** TASK DETAILS **
Restate word for word the lines of the data below, from the first through the one that has "Howler brothers bros".
##########
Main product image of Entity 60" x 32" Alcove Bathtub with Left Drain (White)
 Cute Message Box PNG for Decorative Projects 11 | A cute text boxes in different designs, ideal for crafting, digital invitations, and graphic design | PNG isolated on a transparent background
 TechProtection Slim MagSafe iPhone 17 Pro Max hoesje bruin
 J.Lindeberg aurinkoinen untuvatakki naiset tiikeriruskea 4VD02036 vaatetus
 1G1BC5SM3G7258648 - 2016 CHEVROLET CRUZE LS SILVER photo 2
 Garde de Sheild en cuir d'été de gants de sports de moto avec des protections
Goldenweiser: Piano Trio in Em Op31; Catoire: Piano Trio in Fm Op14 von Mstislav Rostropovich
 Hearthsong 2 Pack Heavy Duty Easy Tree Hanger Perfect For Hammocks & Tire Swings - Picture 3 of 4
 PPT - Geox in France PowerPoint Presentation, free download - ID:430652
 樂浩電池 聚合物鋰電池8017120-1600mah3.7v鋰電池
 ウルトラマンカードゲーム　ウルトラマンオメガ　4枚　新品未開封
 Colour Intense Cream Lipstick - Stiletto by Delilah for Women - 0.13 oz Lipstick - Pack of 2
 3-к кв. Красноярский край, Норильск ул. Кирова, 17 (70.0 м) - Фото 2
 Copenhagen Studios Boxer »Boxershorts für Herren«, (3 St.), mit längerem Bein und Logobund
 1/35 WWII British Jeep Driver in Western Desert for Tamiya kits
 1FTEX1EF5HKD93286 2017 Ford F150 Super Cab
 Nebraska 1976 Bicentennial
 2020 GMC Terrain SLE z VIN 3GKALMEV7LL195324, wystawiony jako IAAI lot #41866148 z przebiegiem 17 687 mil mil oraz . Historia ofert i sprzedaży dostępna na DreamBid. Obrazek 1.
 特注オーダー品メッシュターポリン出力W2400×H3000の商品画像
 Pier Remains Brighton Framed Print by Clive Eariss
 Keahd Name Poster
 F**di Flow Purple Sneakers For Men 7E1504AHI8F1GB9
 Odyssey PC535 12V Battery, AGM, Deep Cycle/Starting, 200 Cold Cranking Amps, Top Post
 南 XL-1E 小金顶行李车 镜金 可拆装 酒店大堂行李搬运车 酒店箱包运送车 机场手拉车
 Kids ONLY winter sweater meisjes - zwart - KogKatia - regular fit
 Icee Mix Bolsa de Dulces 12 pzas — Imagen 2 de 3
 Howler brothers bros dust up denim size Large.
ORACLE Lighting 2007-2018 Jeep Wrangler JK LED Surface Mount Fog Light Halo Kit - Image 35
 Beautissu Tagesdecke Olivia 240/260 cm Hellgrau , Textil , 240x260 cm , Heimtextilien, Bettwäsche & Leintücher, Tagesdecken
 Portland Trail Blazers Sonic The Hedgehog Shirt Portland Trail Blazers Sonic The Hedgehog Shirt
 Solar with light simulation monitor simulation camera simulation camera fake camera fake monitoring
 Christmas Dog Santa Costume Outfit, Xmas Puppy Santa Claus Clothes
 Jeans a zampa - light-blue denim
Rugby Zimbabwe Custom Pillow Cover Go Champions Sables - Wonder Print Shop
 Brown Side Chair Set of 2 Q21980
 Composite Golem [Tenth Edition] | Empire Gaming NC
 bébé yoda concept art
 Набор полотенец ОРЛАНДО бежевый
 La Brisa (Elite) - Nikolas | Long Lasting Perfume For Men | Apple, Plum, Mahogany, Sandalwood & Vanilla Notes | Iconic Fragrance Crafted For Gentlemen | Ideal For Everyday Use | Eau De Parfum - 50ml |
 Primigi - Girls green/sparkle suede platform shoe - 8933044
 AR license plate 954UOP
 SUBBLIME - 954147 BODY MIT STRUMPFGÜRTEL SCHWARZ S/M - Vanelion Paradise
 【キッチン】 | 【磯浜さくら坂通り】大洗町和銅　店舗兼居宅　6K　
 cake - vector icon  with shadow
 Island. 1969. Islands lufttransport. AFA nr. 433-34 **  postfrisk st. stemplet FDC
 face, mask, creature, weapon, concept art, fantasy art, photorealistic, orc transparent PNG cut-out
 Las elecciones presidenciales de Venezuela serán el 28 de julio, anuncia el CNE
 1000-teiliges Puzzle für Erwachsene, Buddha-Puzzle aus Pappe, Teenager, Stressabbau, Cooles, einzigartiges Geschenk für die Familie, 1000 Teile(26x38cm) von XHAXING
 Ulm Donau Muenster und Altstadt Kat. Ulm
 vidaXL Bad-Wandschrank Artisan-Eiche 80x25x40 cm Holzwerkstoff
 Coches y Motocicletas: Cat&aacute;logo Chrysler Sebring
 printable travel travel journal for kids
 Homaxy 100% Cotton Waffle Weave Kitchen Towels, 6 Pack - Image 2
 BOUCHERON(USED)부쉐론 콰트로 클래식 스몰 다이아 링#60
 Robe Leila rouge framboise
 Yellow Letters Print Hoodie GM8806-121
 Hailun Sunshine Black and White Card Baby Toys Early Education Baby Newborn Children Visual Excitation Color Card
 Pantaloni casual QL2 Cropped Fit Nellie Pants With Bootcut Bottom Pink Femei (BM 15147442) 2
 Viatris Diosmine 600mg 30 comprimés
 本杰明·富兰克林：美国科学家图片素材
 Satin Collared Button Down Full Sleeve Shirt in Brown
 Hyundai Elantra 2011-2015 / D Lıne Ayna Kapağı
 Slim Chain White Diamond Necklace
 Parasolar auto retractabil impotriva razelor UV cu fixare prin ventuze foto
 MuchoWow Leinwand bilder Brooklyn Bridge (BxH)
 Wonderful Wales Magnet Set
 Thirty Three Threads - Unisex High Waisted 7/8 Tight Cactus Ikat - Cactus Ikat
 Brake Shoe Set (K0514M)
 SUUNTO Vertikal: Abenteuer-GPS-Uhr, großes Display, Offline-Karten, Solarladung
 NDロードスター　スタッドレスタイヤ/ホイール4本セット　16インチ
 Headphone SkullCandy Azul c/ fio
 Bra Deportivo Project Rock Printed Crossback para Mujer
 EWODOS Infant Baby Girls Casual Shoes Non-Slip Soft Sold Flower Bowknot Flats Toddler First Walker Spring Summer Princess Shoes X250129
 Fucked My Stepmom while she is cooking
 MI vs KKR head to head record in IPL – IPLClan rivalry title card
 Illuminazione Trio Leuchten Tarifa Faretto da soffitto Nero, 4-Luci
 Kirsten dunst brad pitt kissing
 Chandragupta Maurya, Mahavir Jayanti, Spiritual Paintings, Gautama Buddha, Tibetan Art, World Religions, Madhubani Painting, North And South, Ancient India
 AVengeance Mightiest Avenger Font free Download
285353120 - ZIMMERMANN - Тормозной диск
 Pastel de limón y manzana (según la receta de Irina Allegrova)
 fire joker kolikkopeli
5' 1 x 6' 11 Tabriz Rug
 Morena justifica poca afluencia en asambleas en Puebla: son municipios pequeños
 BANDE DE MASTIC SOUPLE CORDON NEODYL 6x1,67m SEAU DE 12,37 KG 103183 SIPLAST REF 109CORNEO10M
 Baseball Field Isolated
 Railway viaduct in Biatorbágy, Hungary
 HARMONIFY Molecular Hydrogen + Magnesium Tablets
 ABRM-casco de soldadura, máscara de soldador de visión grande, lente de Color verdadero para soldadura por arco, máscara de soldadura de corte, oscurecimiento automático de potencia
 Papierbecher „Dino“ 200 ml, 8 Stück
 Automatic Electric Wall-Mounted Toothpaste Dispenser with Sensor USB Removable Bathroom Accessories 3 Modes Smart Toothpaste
##########
** FINISHED TASK **
Main product image of Entity 60" x 32" Alcove Bathtub with Left Drain (White)
 Cute Message Box PNG for Decorative Projects 11 | A cute text boxes in different designs, ideal for crafting, digital invitations, and graphic design | PNG isolated on a transparent background
 TechProtection Slim MagSafe iPhone 17 Pro Max hoesje bruin
 J.Lindeberg aurinkoinen untuvatakki naiset tiikeriruskea 4VD02036 vaatetus
 1G1BC5SM3G7258648 - 2016 CHEVROLET CRUZE LS SILVER photo 2
 Garde de Sheild en cuir d'été de gants de sports de moto avec des protections
Goldenweiser: Piano Trio in Em Op31; Catoire: Piano Trio in Fm Op14 von Mstislav Rostropovich
 Hearthsong 2 Pack Heavy Duty Easy Tree Hanger Perfect For Hammocks & Tire Swings - Picture 3 of 4
 PPT - Geox in France PowerPoint Presentation, free download - ID:430652
 樂浩電池 聚合物鋰電池8017120-1600mah3.7v鋰電池
 ウルトラマンカードゲーム　ウルトラマンオメガ　4枚　新品未開封
 Colour Intense Cream Lipstick - Stiletto by Delilah for Women - 0.13 oz Lipstick - Pack of 2
 3-к кв. Красноярский край, Норильск ул. Кирова, 17 (70.0 м) - Фото 2
 Copenhagen Studios Boxer »Boxershorts für Herren«, (3 St.), mit längerem Bein und Logobund
 1/35 WWII British Jeep Driver in Western Desert for Tamiya kits
 1FTEX1EF5HKD93286 2017 Ford F150 Super Cab
 Nebraska 1976 Bicentennial
 2020 GMC Terrain SLE z VIN 3GKALMEV7LL195324, wystawiony jako IAAI lot #41866148 z przebiegiem 17 687 mil mil oraz . Historia ofert i sprzedaży dostępna na DreamBid. Obrazek 1.
 特注オーダー品メッシュターポリン出力W2400×H3000の商品画像
 Pier Remains Brighton Framed Print by Clive Eariss
 Keahd Name Poster
 F**di Flow Purple Sneakers For Men 7E1504AHI8F1GB9
 Odyssey PC535 12V Battery, AGM, Deep Cycle/Starting, 200 Cold Cranking Amps, Top Post
 南 XL-1E 小金顶行李车 镜金 可拆装 酒店大堂行李搬运车 酒店箱包运送车 机场手拉车
 Kids ONLY winter sweater meisjes - zwart - KogKatia - regular fit
 Icee Mix Bolsa de Dulces 12 pzas — Imagen 2 de 3
 Howler brothers bros dust up denim size Large.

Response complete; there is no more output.